• [Task brief] Please reproduce the listing in its entirety, exactly as written, but without images.

• [Data extract]

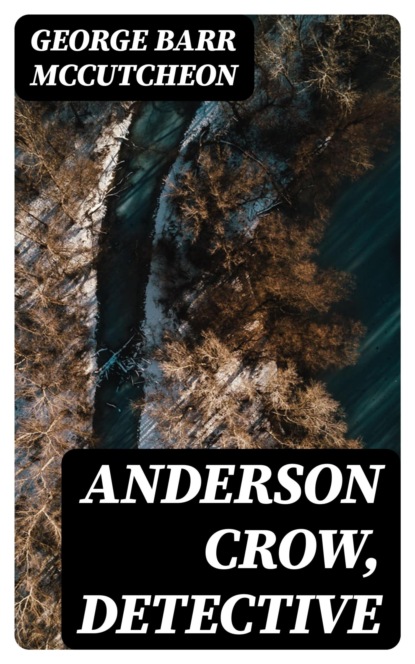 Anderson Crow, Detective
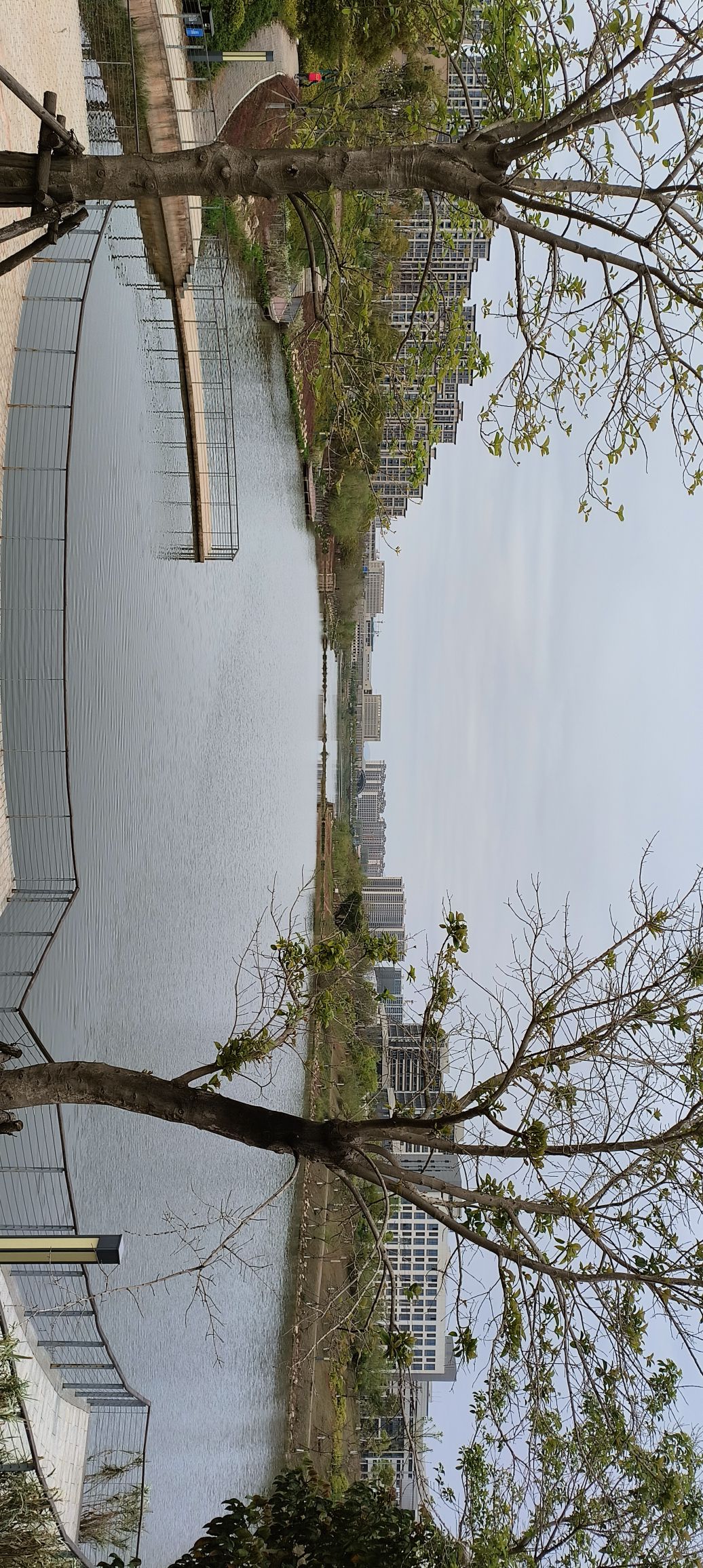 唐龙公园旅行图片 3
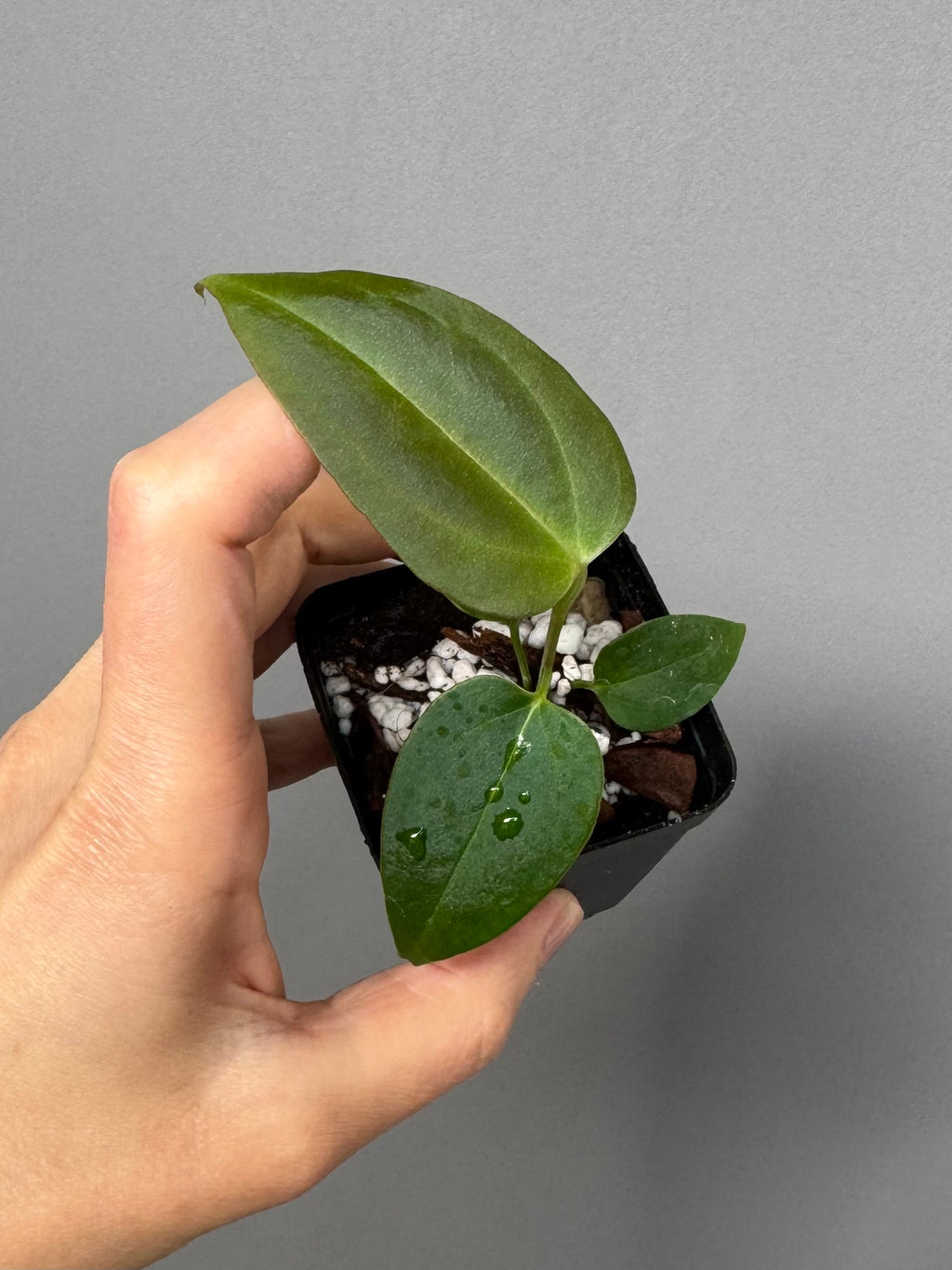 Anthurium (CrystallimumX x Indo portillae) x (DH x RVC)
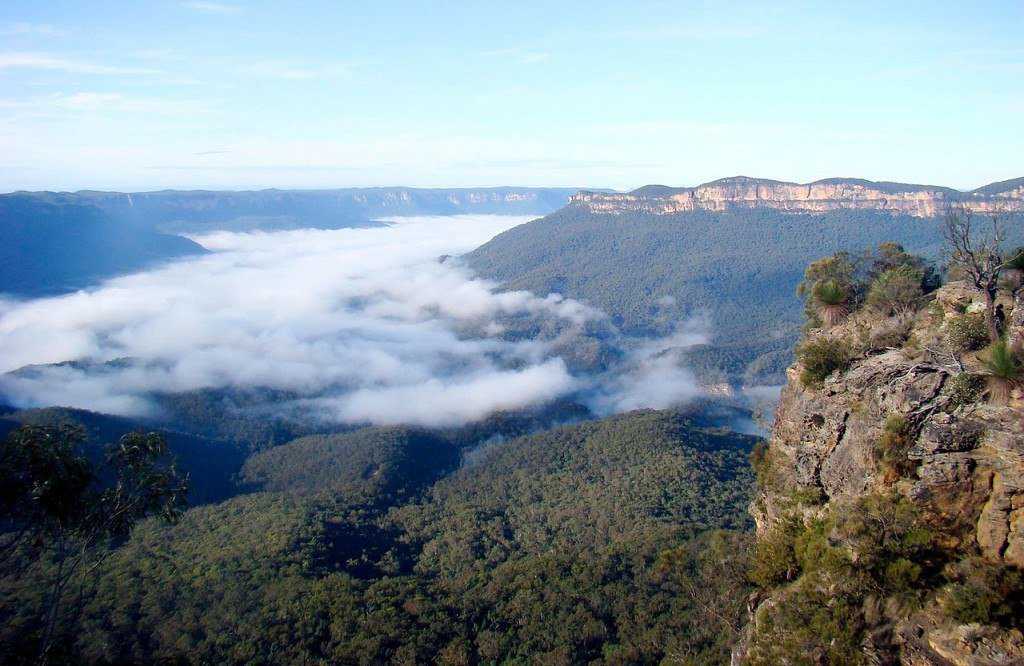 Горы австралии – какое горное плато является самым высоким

• [Exercise response]
 Anderson Crow, Detective
 唐龙公园旅行图片 3
 Anthurium (CrystallimumX x Indo portillae) x (DH x RVC)
 Горы австралии – какое горное плато является самым высоким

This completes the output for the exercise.